I'd say all of the above objections don't fix any of the actual issues (which re...

mikeash · on Sept 9, 2019

It doesn’t matter how well you understand Unicode, it is impossible to compute “the length of a string” because there is no single metric that means that.

It’s like measuring “the size of a box.” I want volume, you want maximum linear dimension, UPS wants length plus width plus height. The problem with “the size of a box” isn’t that it’s hard to measure, it’s that it doesn’t exist. Imagine your favorite language has a Box type with a “size” property. What does it return. How likely is it that the thing it measures is the thing you want?

Of course it was never a problem for ASCII, because ASCII is structured to make most of the measurements people care about be the same value. I want bytes, you want code points, he wants “characters,” doesn’t matter, they’re all the same number.

ASCII is also incapable of representing real world text with good fidelity. It’s inherently impossible to remedy that while maintaining a singular definition of “length.” If you value length measurement over fidelity, you can keep using ASCII.

coldtea · on Sept 9, 2019

>It doesn’t matter how well you understand Unicode, it is impossible to compute “the length of a string” because there is no single metric that means that.
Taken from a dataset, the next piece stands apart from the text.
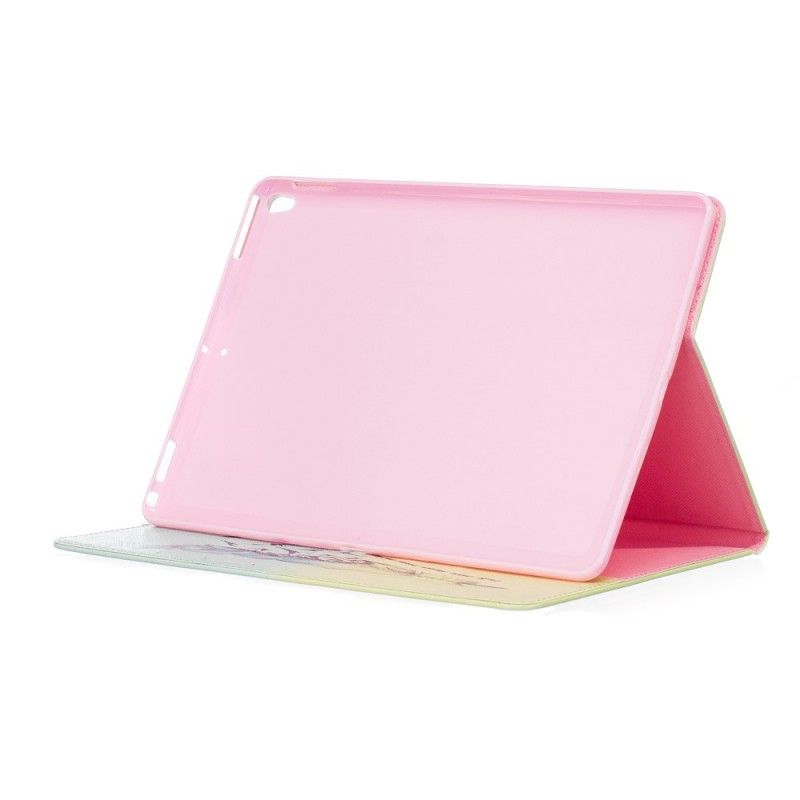Cover Folio-hoesje iPad Pro 10.5" Telefoonhoesje Leren Vliegen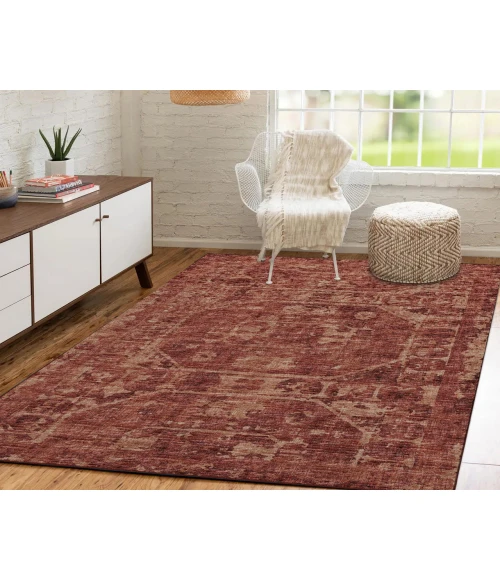 Dalyn Aberdeen AB2 Paprika 5' x 7'6" Rug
That's already covered in my comment: ("[the problem] stems from there being multiple, similar, metrics one wants").

Whether we call all of them length or a specialized name is not the real problem.

The real problem is you need to know what you want of each, and some of them (e.g. regarding normalization, decomposition, and so on) can be hard to grasp.

In 99% of cases people either want to know "how many bytes", or "how many discreet character glyphs of final output" (even if they have combining diacritics etc).

mikeash · on Sept 9, 2019

It's really rare to care about the number of glyphs. That's not something you can answer for a string in isolation, anyway; it depends on the font being used to render it. The only code that would care about this would be something like a text rendering engine allocating a buffer to hold glyph info.

I suspect you mean the number of grapheme clusters, which is Unicode's attempt to define something that lines up with the intuitive notion of "a character." This is basically a unit that your cursor moves over when you press an arrow key.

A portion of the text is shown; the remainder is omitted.